人々の暮らしを豊かにする目的のもと、時代の移り変わりとともに変わっていくニーズに応えるよう、各協同組合はそれぞれに発展を遂げてきました。

協同組合間の連携は1956 年に発足した日本協同組合連絡協議会(JJC)によって推進されてきましたが、全国・都道府県・地域各段階における協同組合間の連携をさらに促進するため、平成30年4月1日に「日本協同組合連携機構(JCA)」が発足されました。
日本協同組合連携機構(JCA)は「持続可能な地域のよりよいくらし・仕事づくり」を目的として、一般社団法人JC総研を核として再編して誕生した、日本の協同組合の連携機構です。

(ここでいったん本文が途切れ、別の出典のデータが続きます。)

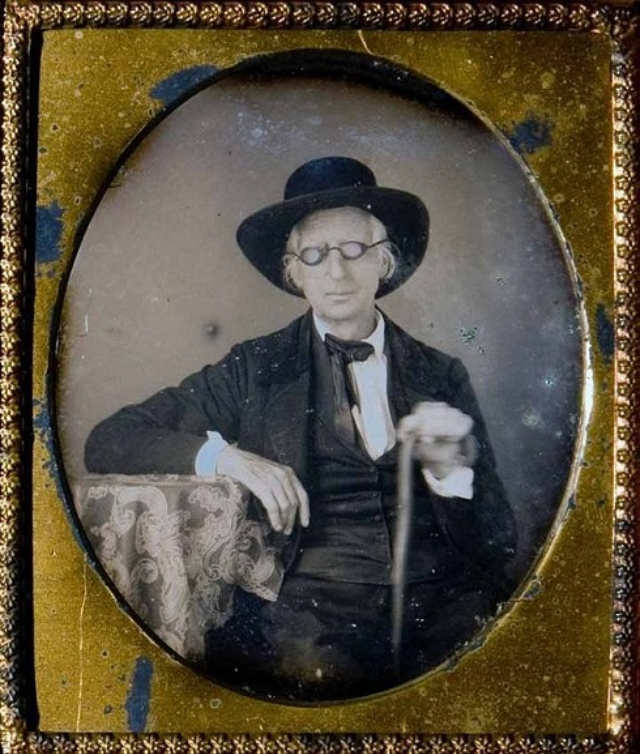 portraits-blind-people-daguerreotypes-1850.jpeg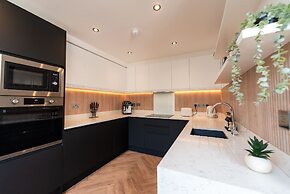 Luxury 8 Bed Home Manchester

近年では東日本大震災の後、被災地への派遣や迅速な共済金の支払い、被災地復興支援などといった様々な取り組みにより、協同組合の存在が再評価されています。


  世界における協同組合

日本に限らず、協同組合は世界的にも発展しています。 協同組合に関わる組織や取り組みについてご紹介します。

国際協同組合同盟(ICA)

国際協同組合同盟(International Co-operative Alliance、ICA)は、1895年にロンドンで設立された世界の協同組合の連合組織です。
2018年4月時点では世界107カ国の308団体が加盟しており、組合員の総数は12億人を超える規模になります。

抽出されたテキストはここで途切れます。